Ed Wood (1994)

Posted on the 16 October 2015 by Thehollywoodrevue

30-year-old Ed Wood (Johnny Depp) wants nothing more than to make movies and be a major Hollywood director just like his idol Orson Welles. While trying to get his big break in the film industry, he tries his hand doing stage plays starring his girlfriend Dolores (Sarah Jessica Parker) and friend Bunny Breckinridge (Bill Murray), but audiences stay away and critics aren’t impressed. But when Ed finds out a producer is planning to make a movie based on the life of Christine Jorgensen, a famous trans woman, he knows that he’s the perfect director for the project because he secretly loves dressing in women’s clothing. The producer is looking for a director with experience, but Ed gets the job when he tells the producer that he could get Bela Lugosi (Martin Landau), whom he had recently befriended, to appear in it.

During the production of the movie, which ended up being known as Glen or Glenda, Ed battles with the producer because Ed wants to go for honesty and realism, but the producer wants exploitation. Dolores is also shocked when she finds out how much the movie reflects their lives. When the movie fails and he can’t get more work, Dolores suggests he try finding funding elsewhere so he can make the movies he wants to make without having to answer to anyone.

Although Ed is, eventually, able to get enough funding to make movies like Bride of the Monster, Hollywood success and critical acclaim continue to elude him. Along the way, his relationship with Dolores becomes strained and ends, plus he has to cope with his good friend Bela Lugosi’s battle with drug addiction and eventual death. But things start looking up when he meets Kathy O’Hara (Patricia Arquette) and he talks a church into funding a project he really wants to make — Plan 9 From Outer Space, starring his friends Vampira (Lisa Marie) and Tor Johnson (George Steele). The movie also gave him the chance to use some footage of Bela that had been filmed shortly before his death.

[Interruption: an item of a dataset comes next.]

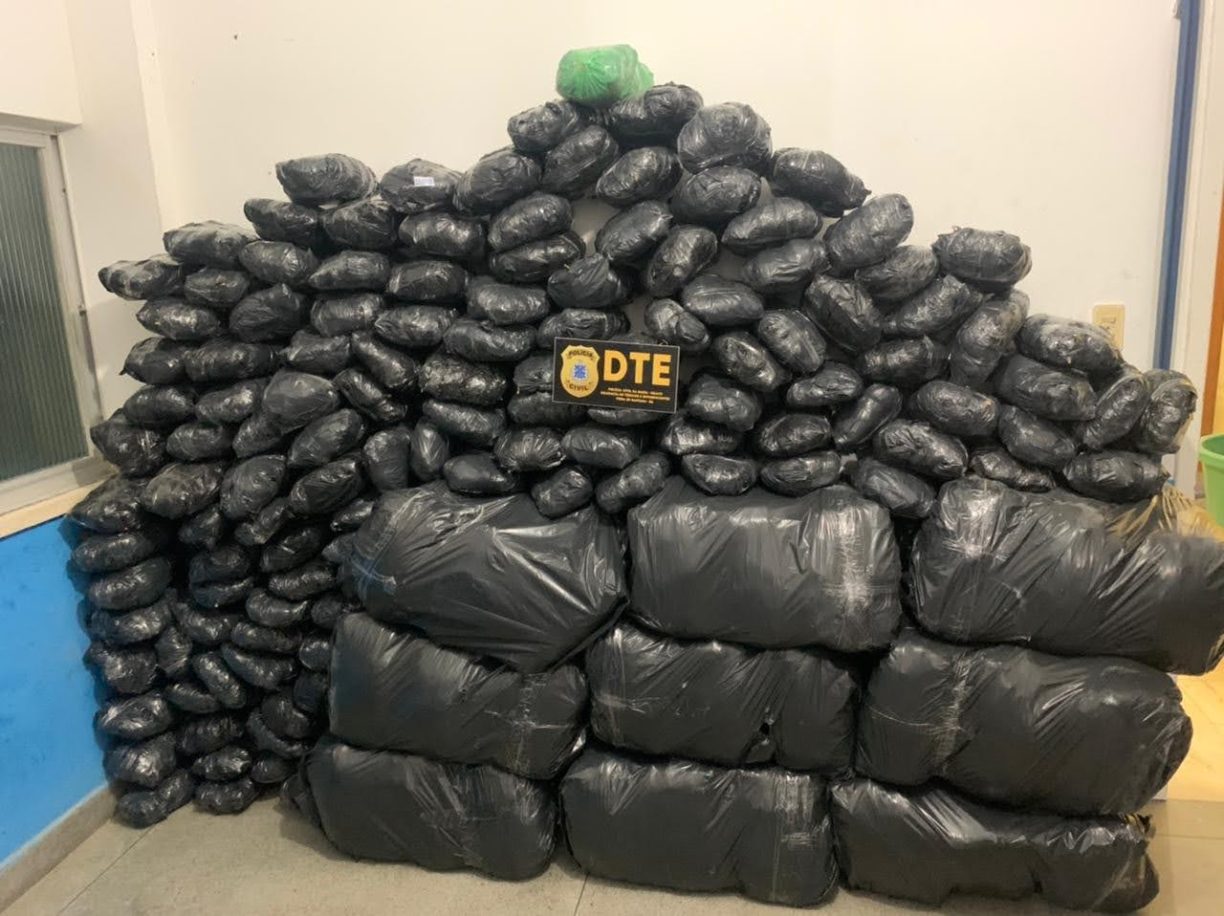 BROCADA! TRÁFICO DE DROGAS | POLÍCIA CIVIL FAZ APREENSÃO DE 300 KG DE MACONHA EM “FEIRA DE SACANA”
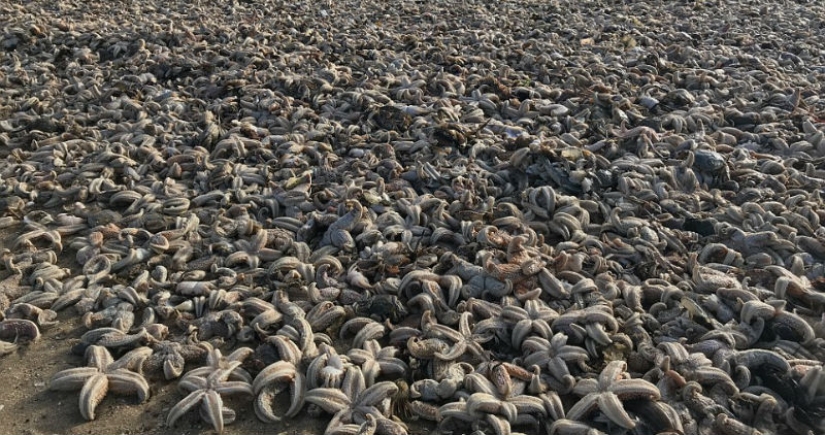 La tormenta Emma arrojó decenas de miles de animales marinos muertos en las costas británicas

But Ed soon finds out that having financial backers doesn’t provide as much freedom as he’d hoped for and he gets tired of the church’s concerns over the direction of the movie. Frustrated, he goes to a bar where he has a chance encounter with his idol, Orson Welles (Vincent D’Onofrio), who inspires him to go back and fight to make the movie he always dreamed of.

Like most Hollywood biopics, Ed Wood isn’t a completely accurate portrayal of his life or the lives of some of his friends. The portrayal of Dolores seems to get the most criticism since she actually had a very active acting career during the time she spent with Ed, which isn’t mentioned at all in the movie. Dolores herself has said that she wished the movie had shown more of the love story between her and Ed and said that the movie didn’t depict Ed’s alcoholism during this time in his life. Bela Lugosi also wasn’t known to curse the way he did in Ed Wood and the movie makes no reference to Lugosi’s son or the woman he was married to at the time of his death.

But despite its inaccuracies, Ed Wood is an extremely entertaining movie. It’s the kind of movie I could easily watch over and over again. I loved Johnny Depp’s unrelentingly optimistic performance as Ed Wood. Depp said he got into character by studying Ronald Reagan speeches, Mickey Rooney movies, Casey Kasem, and Jack Haley in The Wizard of Oz and if you can imagine all of those things combined, you’ve got a pretty spot-on idea of what his performance is like. Martin Landau was also fantastic as Bela Lugosi and he really deserved the Oscar he won for his performance.

A lot of Tim Burton’s most recent work hasn’t gotten the best reviews, but Ed Wood is a great reminder of how good of a director Tim Burton can be when he’s at his best. He’s the only major director working right now I can think of who could make a movie that makes you want to root for the guy who made Plan 9 From Outer Space, a movie that’s often called the worst movie ever made. Plus I kind of respect the fact that Burton said he didn’t want to delve too much into the darker aspects of Ed’s life, or the lives of his friends, because he felt these people had already been ridiculed enough. Too bad Dolores got a bad shake in the movie, though.